Although I can use it for complicated work, most of my time is spent “relaxing” on the computer. My “relaxing” begins as soon as I wake up and amble down to the den in my pink, fluffy, flannel pjs. Turning the computer on and waiting for it to warm up for the day, I carefully brew my cup of tea as a “wake me up”. That is where the computer begins its day; aligning with my special teacup to set the temperature of my tea to ensure it remains the same temperature for two hours. A clever person must have been the one to program it to do that! An even cleverer person has developed “apps” that lets me do everything on my phone!

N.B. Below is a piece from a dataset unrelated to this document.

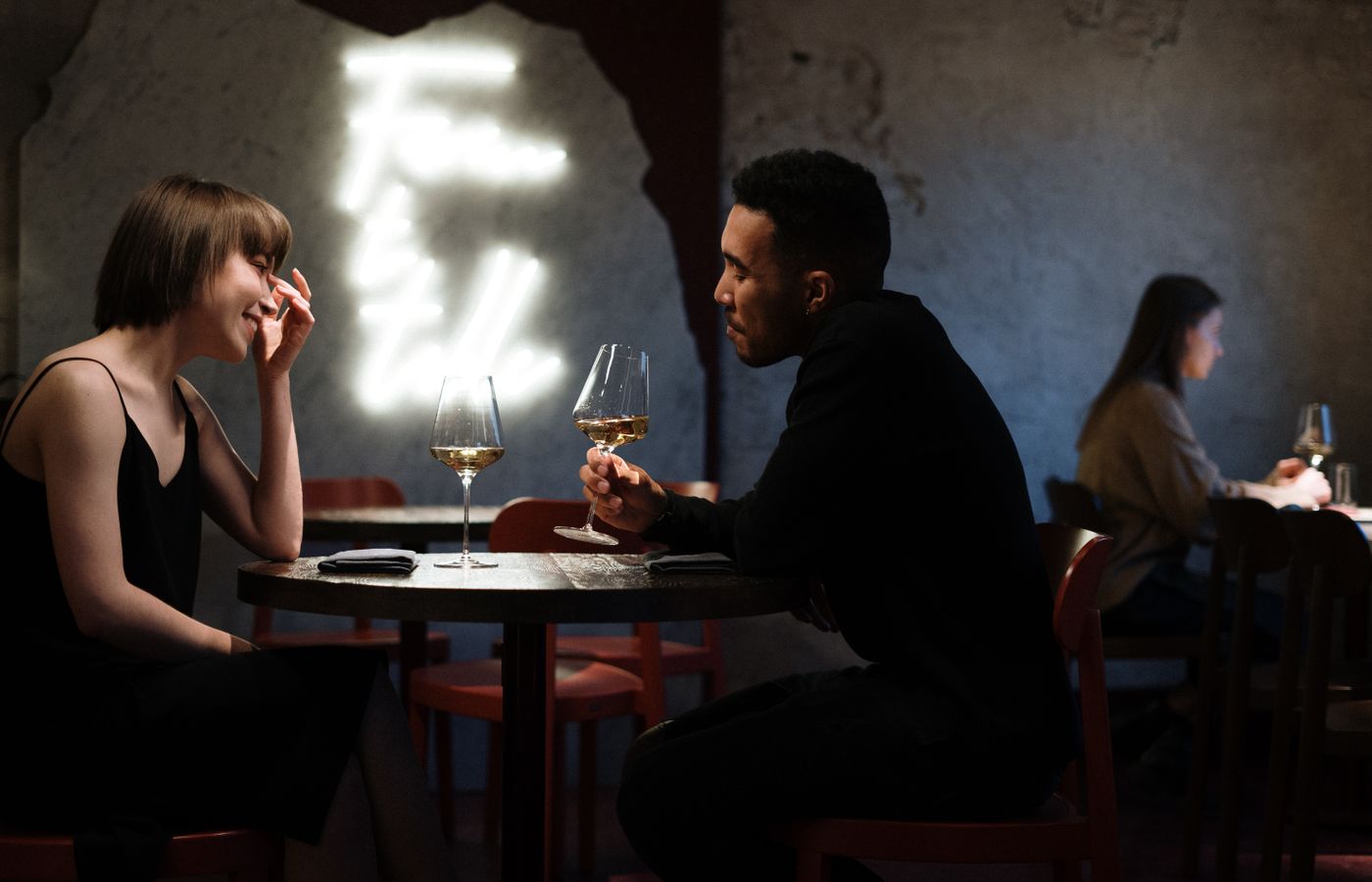 Couple enjoying a romantic evening with white wine in a stylish bar setting.
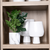Jarron florero color blanco para plantas posando en cajon de madera junto con otros jarrones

Reading my e-mail and Facebook are priorities that are soon replaced by games. My brain is full of swirling thoughts to work out, so there is nothing better than to sit down and play mindless games. During the workday, I have to force myself to limit my playing time in order to get ready for work, although I admit there have been a few days that the time left for me to get ready is miniscule. Rushing, I brush my teeth, throw on my clothes, (which are sometimes backwards or inside out,) and rush out the door, using time stopped at red lights to comb my hair and put on lip-gloss. Weekends are a different story with time to play extended. Convinced that playing clears my mind so I can get on with the rest of the day, I often find myself sitting at the computer or playing on my phone for three hours or more. Three hours or more! The dishes sit in the sink, the dirty laundry is piled on the floor, the refrigerator remains empty, and the bed is unmade. Oh, no! Although my goal for playing the games is to relax, there is no proof that this actually happens. Most of the games are meant to be played casually, calmly and quietly. I, however, seem to play them with an obsessive vengeance, as though by going through the motions of playing, my whirling thoughts can flitter away. One game played is supposed to be Zen-like; soothing flute music calmly playing, idyllic flowers and waterfalls flowing in the background, the answers are supposed to be provided in a soft, somewhat magical, sweeping motion. My fingers, however, provide the answers in a hard, frantic sweep; so hard my fingernails scratch the screen! It is not relaxing at all. Oh, no, I am a computerholic!

Hubby accuses me of spending so much time on the games in order to fill the emptiness because our children have all reached adulthood. Used to driving them here and there, dressing them, guiding them, playing with them, laughing with them and loving them, the fact that they are individual young people leaves little room for my nurturing. Oh, no! I think he is right! It must be time to get a dog.